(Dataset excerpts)
▼▼▼
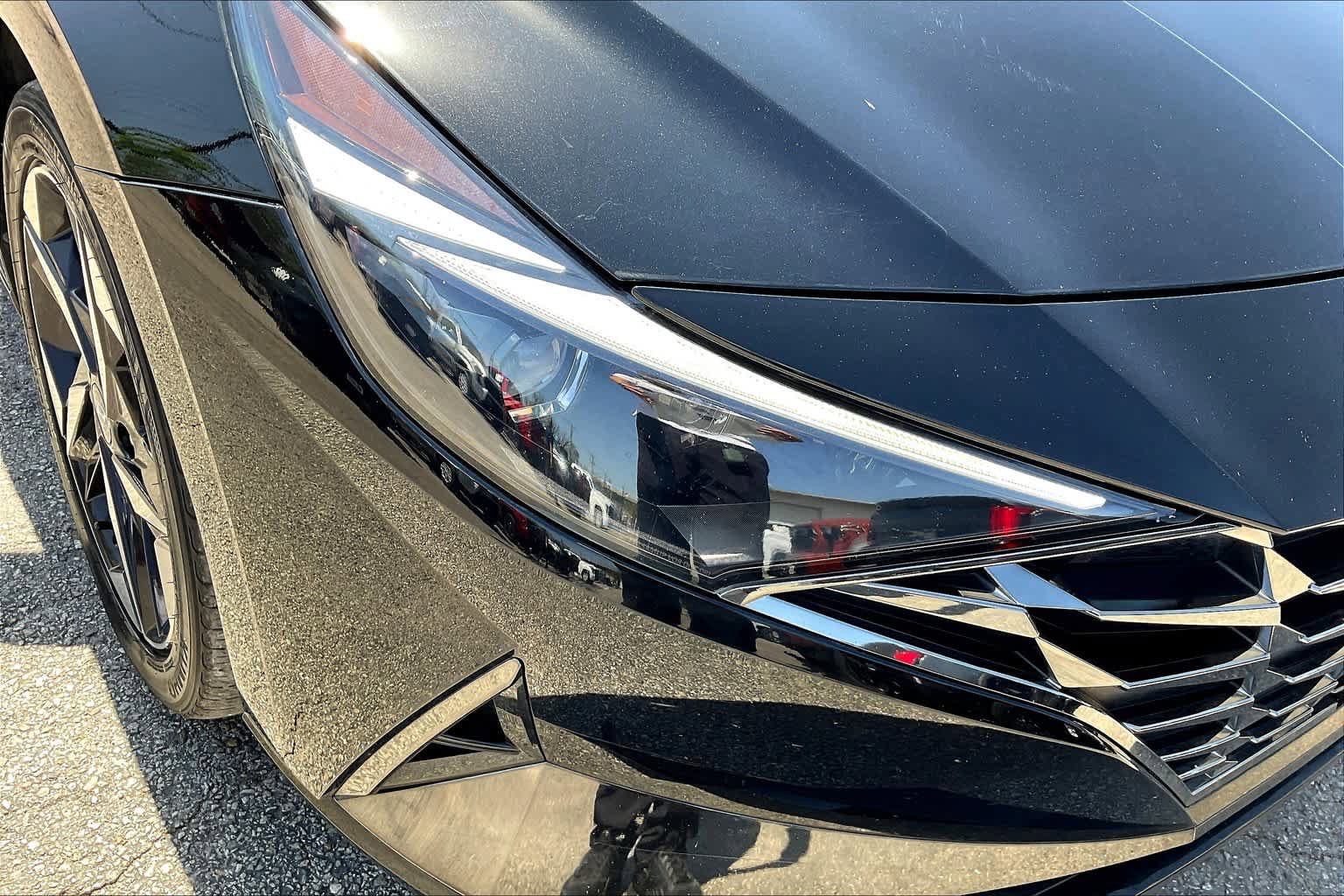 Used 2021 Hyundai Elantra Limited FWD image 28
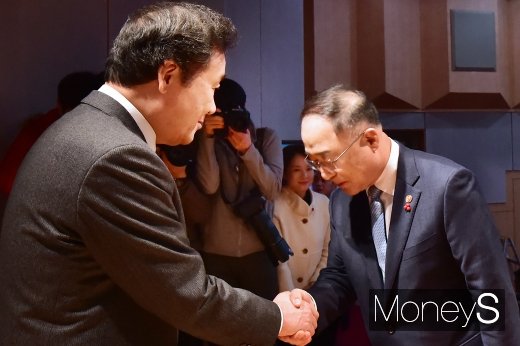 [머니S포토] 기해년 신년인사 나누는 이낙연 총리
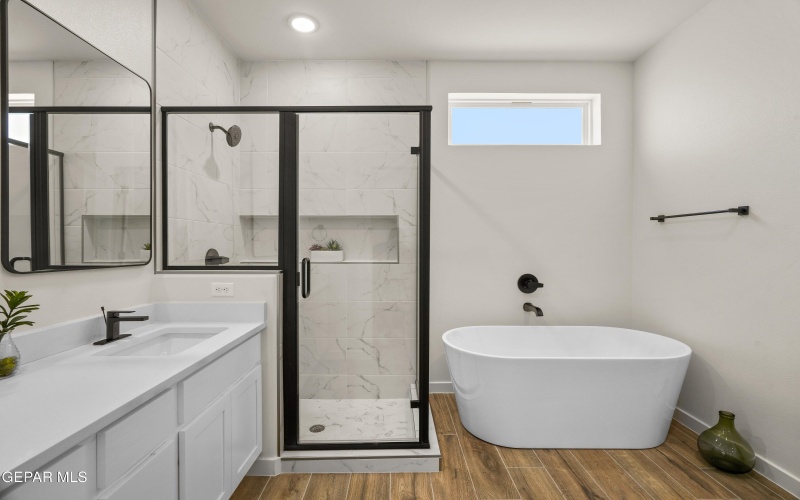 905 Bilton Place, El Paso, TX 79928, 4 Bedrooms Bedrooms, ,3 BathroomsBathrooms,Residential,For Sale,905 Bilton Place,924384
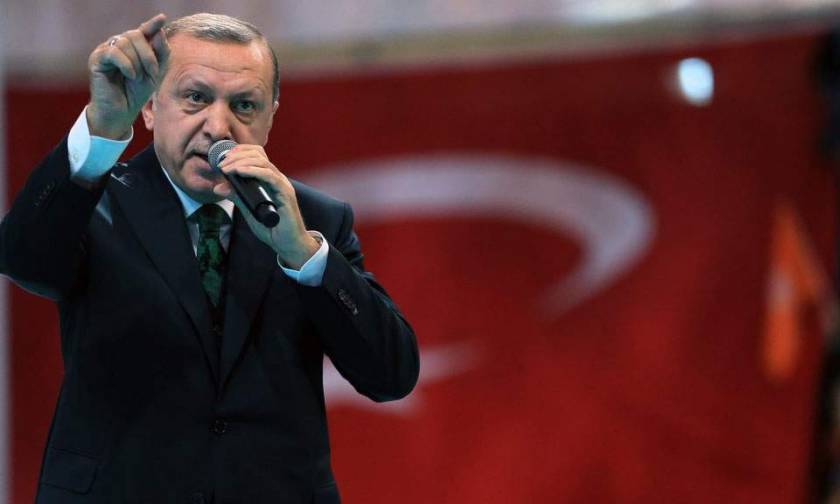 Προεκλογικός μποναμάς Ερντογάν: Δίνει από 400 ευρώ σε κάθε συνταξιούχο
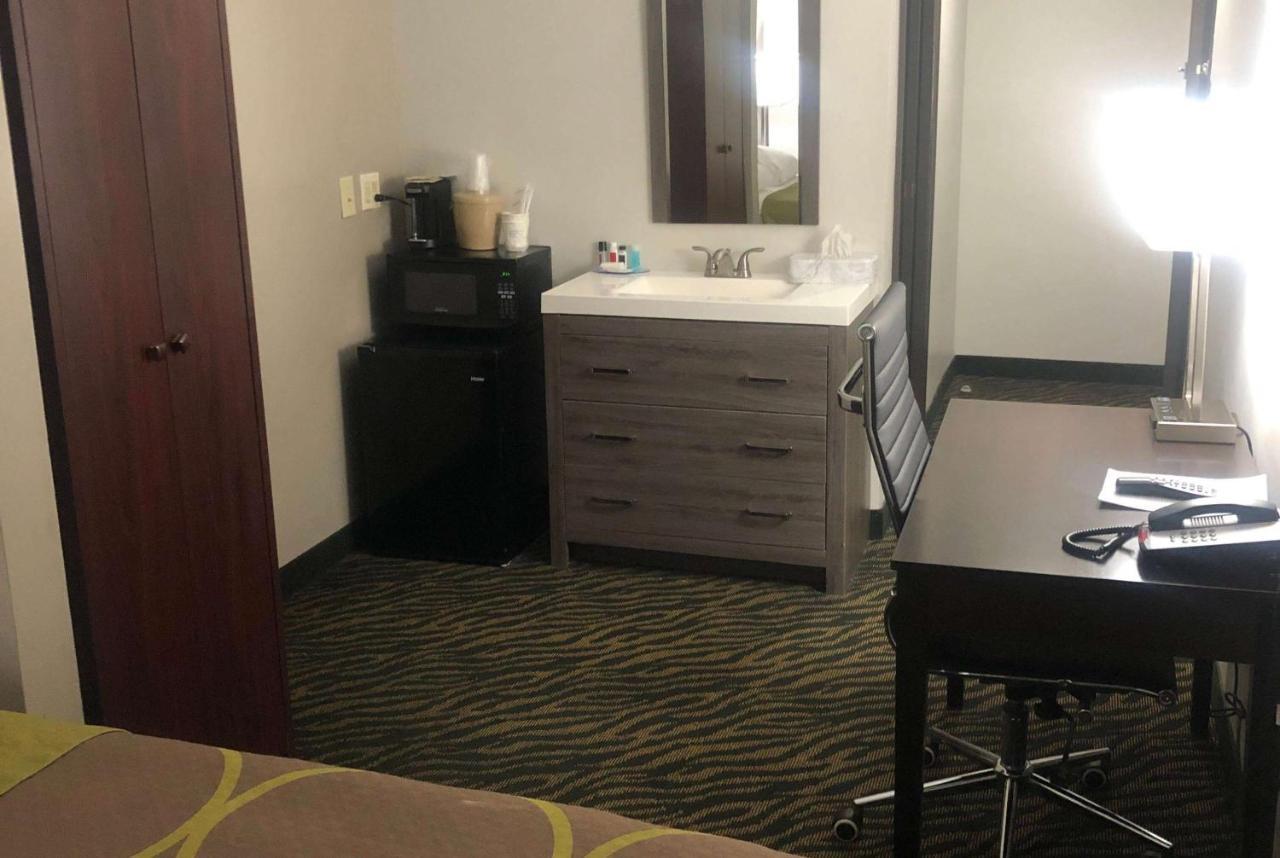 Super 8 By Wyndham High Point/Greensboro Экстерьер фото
▲▲▲
(EXERCISE)
Produce an exact reprint of the entries, dropping the images.

(SOLUTION TO THIS PROBLEM)
 Used 2021 Hyundai Elantra Limited FWD image 28
 [머니S포토] 기해년 신년인사 나누는 이낙연 총리
 905 Bilton Place, El Paso, TX 79928, 4 Bedrooms Bedrooms, ,3 BathroomsBathrooms,Residential,For Sale,905 Bilton Place,924384
 Προεκλογικός μποναμάς Ερντογάν: Δίνει από 400 ευρώ σε κάθε συνταξιούχο
 Super 8 By Wyndham High Point/Greensboro Экстерьер фото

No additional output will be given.